Catalytic ozonation is a promising method for simultaneous removal of NOx and Cl-VOCs, but needs to clarify their interaction mechanism and the influence of catalyst acidity. In this paper, the simultaneous catalytic ozonation of NO and dichloromethane (DCM) on Mn/H-ZSM-5 molecular sieve catalysts were investigated experimentally. Results show that the overall acidity, acid sites type and intensity have a significant impact on the degradation efficiency, the conversion path of Cl element, and the interaction of NO/DCM adsorption-degradation. Nevertheless, regardless of catalysts, NO could be preferentially oxidized by ozone to generate NO2 in co-ozonation process, which inhibited and even shielded DCM ozonation at O3/DCM ratio <1.7. In addition, the highly active oxidizing species such as NO3/N2O5, produced by the deep ozonation of NO2, exhibited a synergistic effect on the conversion of DCM and intermediates, which in turn weakened NO2 deep oxidation.
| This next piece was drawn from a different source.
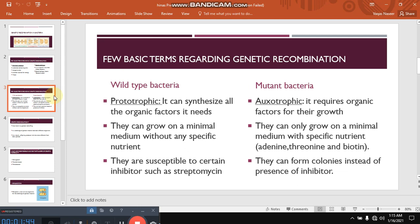You must know wild type bacteria and mutant bacteria as well. Wild type bacteria are those bacteria having the same traits as their parents. While mutant bacteria have different traits with respect to their parents, or you can say those bacteria which have experienced genetic recombination are called mutant bacteria. While wild type bacteria are prototrophic, meaning they can synthesize all the organic factors needed for their growth, so they can grow on a minimal medium without any specific nutrient.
Specifically, NO addition caused a general decrease in the HCl selectivity, and a slight increase in the CHCl3 selectivity of all samples, while the Cl2 selectivity was determined by the overall catalyst acidity. The samples with higher overall acidity exhibited lower activity for DCM degradation. In particular, for samples with the weak overall acidity but strong acid sites, the sum selectivity of HCl, Cl2, and CHCl3 was significantly improved under the interplay effect of NO, indicating that strong acidic sites were beneficial to the complete degradation of DCM. In-situ DRIFTS revealed that aldehydes and carboxylates were the key intermediates of DCM ozonation. In the co-ozonation, NO and its oxidation products (such as nitrates) could promote the formation and conversion of these intermediates, and further converted into CO and CO2 by the active oxidant from ozone. Finally, the interference of H2O and SO2 on the NO/DCM co-ozonation were revealed.